Sitting in my warm house, drinking cup after cup of hot cocoa and tea, it’s so easy to take for granted all that we have. To take for granted the ability to just wander into my pantry if I need a snack, to run my washer and dryer at will (and all day) and bitch about it. At this time of year, I’m grateful that we can afford to keep our heat on whenever we like, that we can have a big spread of food for Thanksgiving, that we are able to get where we need to go (or have the luxury of staying home, if we can’t).
I’m sad for people who can barely afford to keep food on their tables, who work hard and still can’t make ends meet, who’ve worked hard, but circumstances suck and they’re left homeless. I’m sadder still that our state chose to cut, limit or not impose taxes that would help those people, and that food assistance for people in our state is currently on the chopping block (among other things I see as important).
This time of year in particular, I’m sad that there are children who won’t have gifts at the holidays because their parents have to choose between paying for heat, food and gas or toys. I’m bummed that the holidays (all of them) have lost meaning, and the ideas of togetherness, friends and family are no longer the ideal, but rather filling the space under the tree with more, more, MORE. That Black Friday has become a national holiday for Americans in debt to get into more debt buying more things they don’t need. Michael and I were thinking tonight, and neither of us could really remember what we got Ryan for the holidays last year. We know she got a bike from her Aunt and Uncle, and flashlights and tape from her Nonna and Papa, but we couldn’t remember what we’d gotten her. Still can’t.
Think back to your own childhood. What do you remember about the holidays? If I think back, really hard, what I remember most are the family things: my brother running down the hall shouting “It’s Christmas!! Santa came!!”, my parents making us wait until coffee had been poured, my dad making pancakes and bacon, watching White Christmas and singing along, lighting Hannukah candles and making leqvar cookies. But not the presents. And honestly, I can’t remember any gifts I got as a kid. Not that they weren’t cool, or awesome, or super fun to play with for a few weeks, but it didn’t last.
So, my tiny tirade about thankfulness has turned into a tiny tirade about commercialism…what of it?
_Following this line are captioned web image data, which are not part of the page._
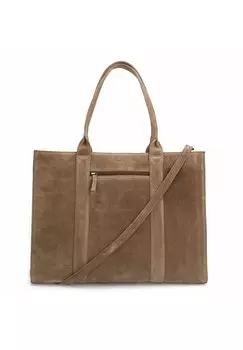 Сумка Manfield, серо-коричневый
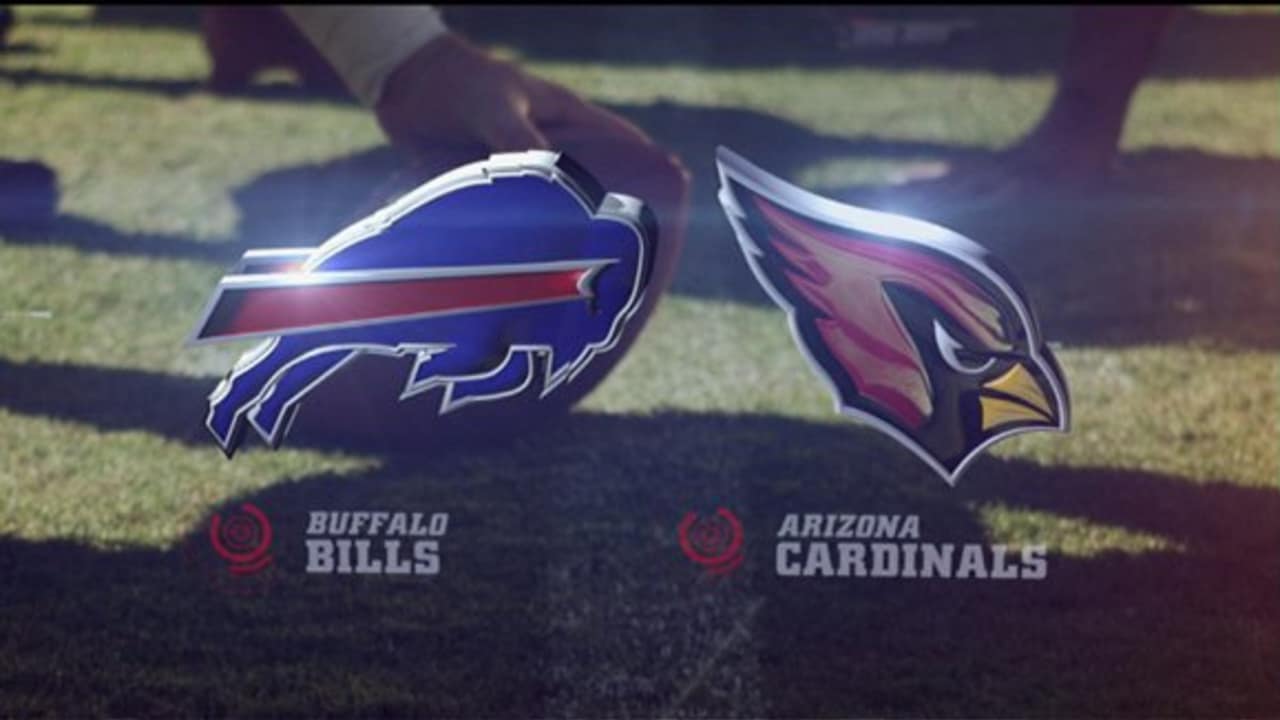 GameDay: Bills Vs. Cardinals Highlights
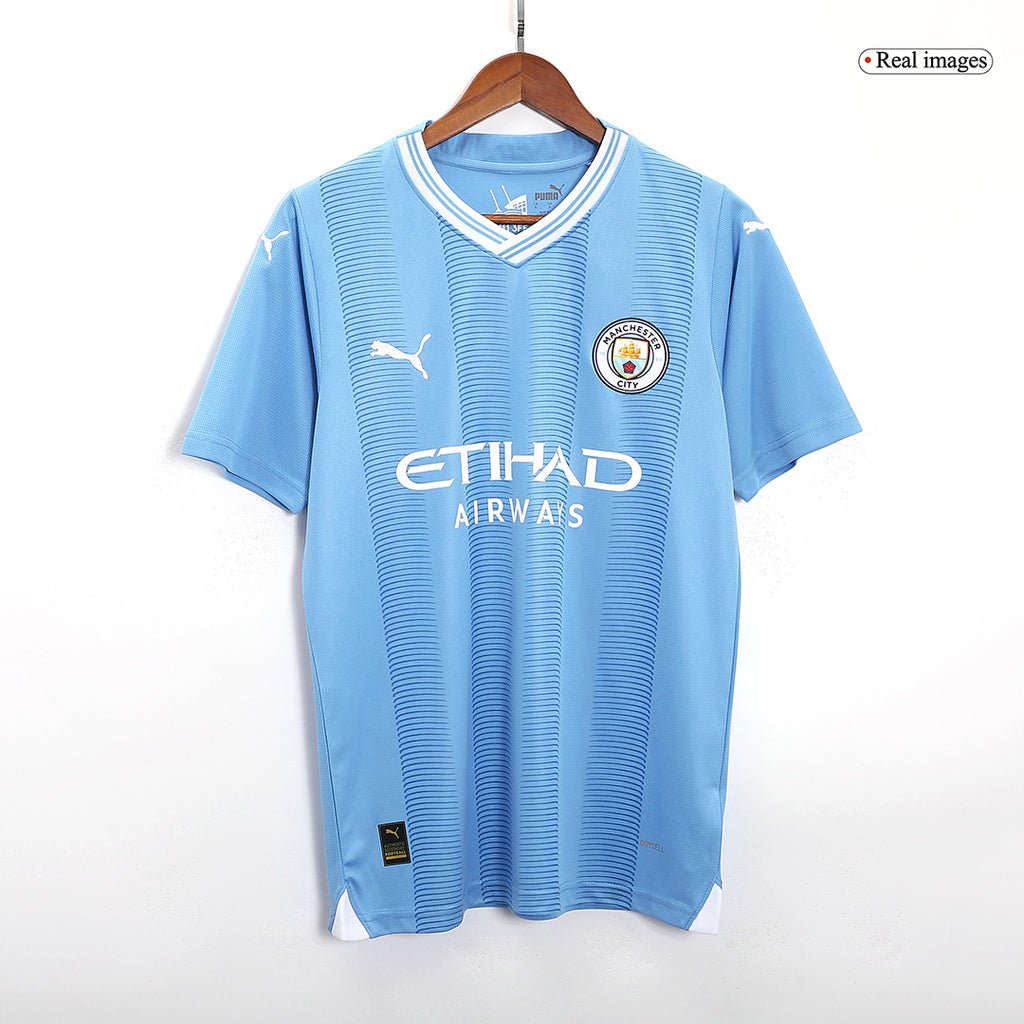 Manchester City J.ALVAREZ #19 Home Jersey 2023/24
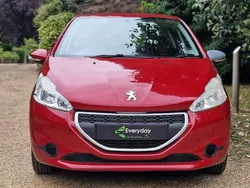Red Used 2013 Peugeot 208 Access Hatchback | £1,499 (Super price)
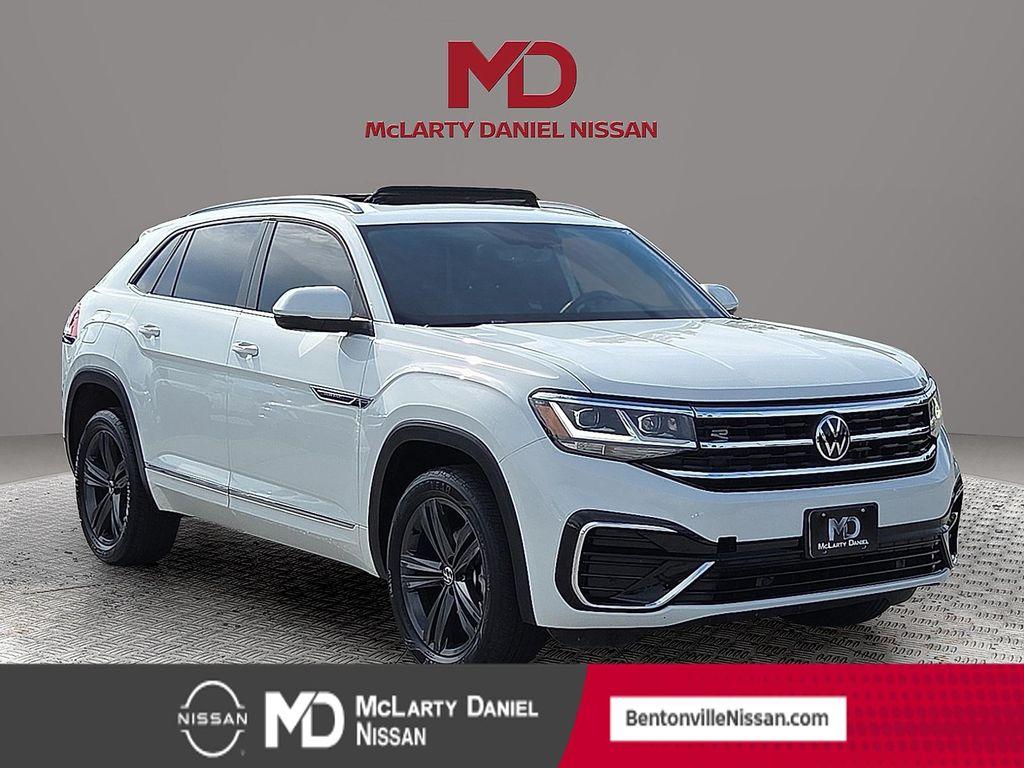 used 2020 Volkswagen Atlas Cross Sport car, priced at $24,996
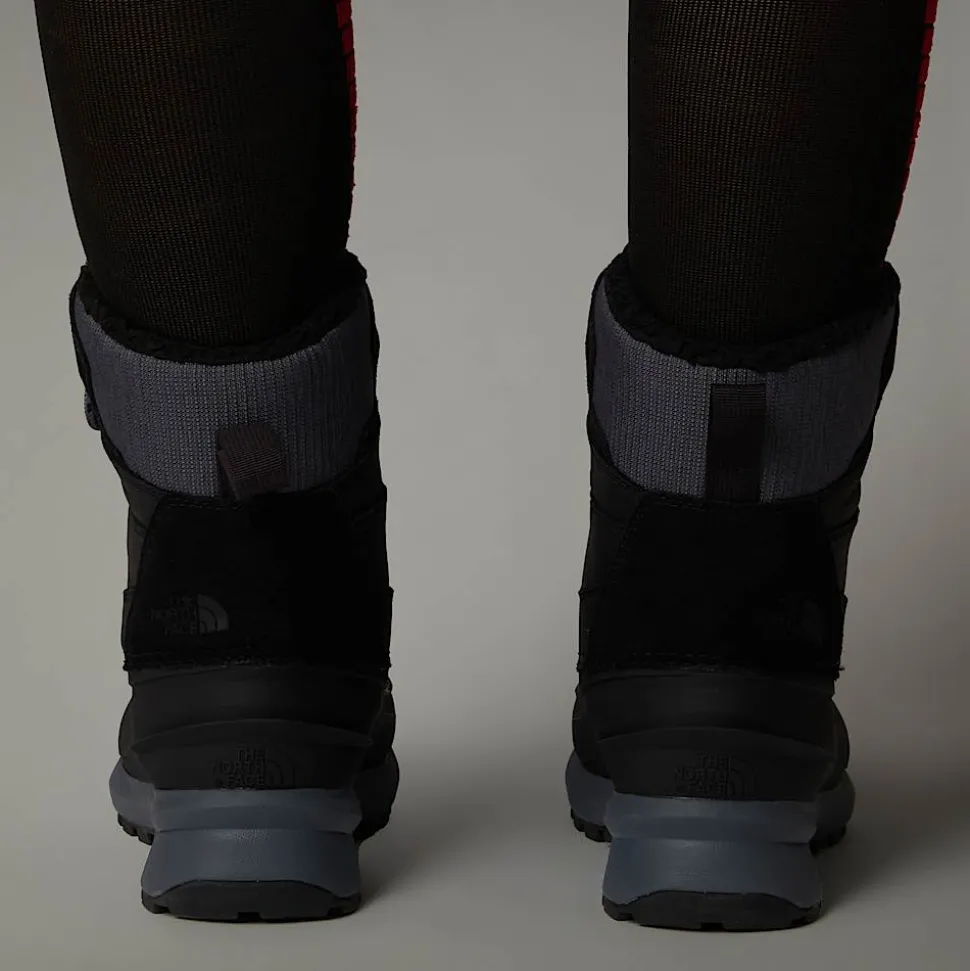 New The North Face Vandtætte Chilkat V 400 Støvler Til Damer TNF Black-Vanadis Grey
My goal for this season is to continue with our attempts to limit the junk that comes in, and to try to make the season about experiences instead of stuff. I’m thankful (see, full circle) that Michael and I are in agreement about keeping the holidays simple and about the real stuff: family, friends, togetherness, warmth, food and love. To teach my girls about giving, not just receiving (funny thing is that I can usually remember what I’ve given or made for people, but not what I’ve gotten). To donate to families in need, to choose presents for children in need. One day, when the kids are older, we’ll volunteer, giving not just things but our time.
And today, I encourage you to be grateful for the small things, as well as the big ones. To attempt a holiday season with minimal commercialism and maximum celebration. How are you going to express your gratitude this year?